What this task involves
What is needed is an exact copy of the lines from the line holding "BOSCH DWQ96DM50 - Hotte" through the end of the material, with no other lines and no pictures.

Exercise data
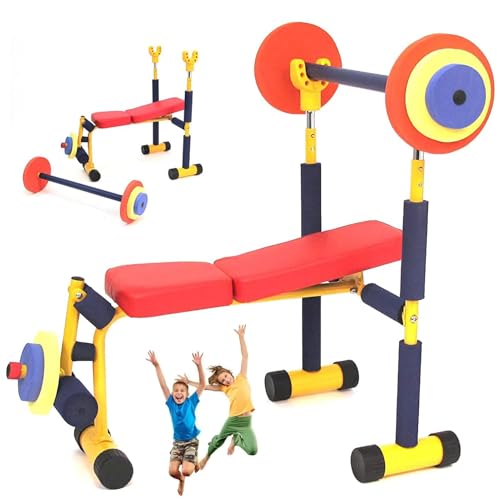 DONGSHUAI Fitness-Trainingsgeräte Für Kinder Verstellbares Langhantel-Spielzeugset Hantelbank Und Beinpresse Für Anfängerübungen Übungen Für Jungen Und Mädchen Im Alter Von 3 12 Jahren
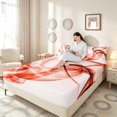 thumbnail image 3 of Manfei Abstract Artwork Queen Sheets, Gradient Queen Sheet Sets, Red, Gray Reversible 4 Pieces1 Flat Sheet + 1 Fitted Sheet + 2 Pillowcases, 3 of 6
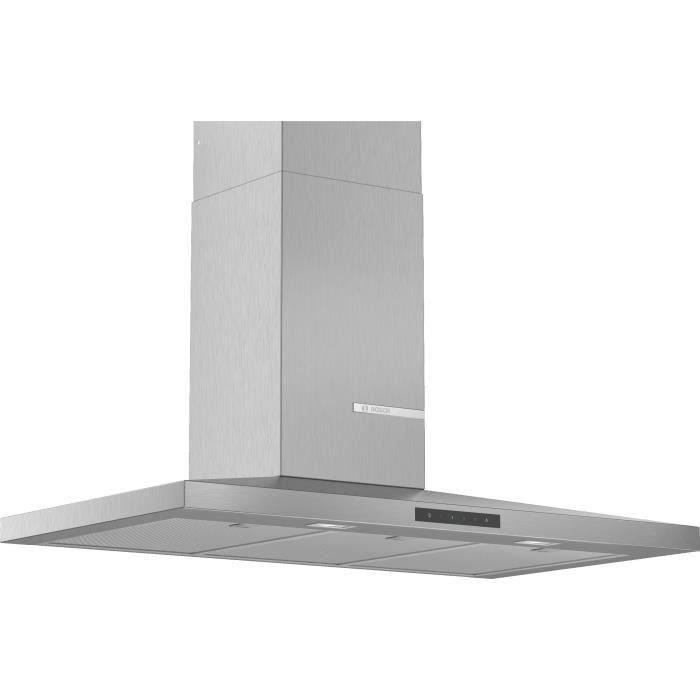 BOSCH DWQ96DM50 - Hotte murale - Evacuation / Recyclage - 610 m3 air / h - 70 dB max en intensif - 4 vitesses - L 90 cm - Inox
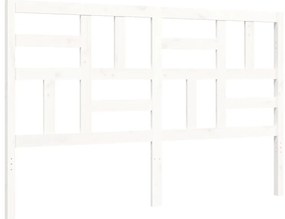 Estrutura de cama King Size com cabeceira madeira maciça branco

Response area
 BOSCH DWQ96DM50 - Hotte murale - Evacuation / Recyclage - 610 m3 air / h - 70 dB max en intensif - 4 vitesses - L 90 cm - Inox
 Estrutura de cama King Size com cabeceira madeira maciça branco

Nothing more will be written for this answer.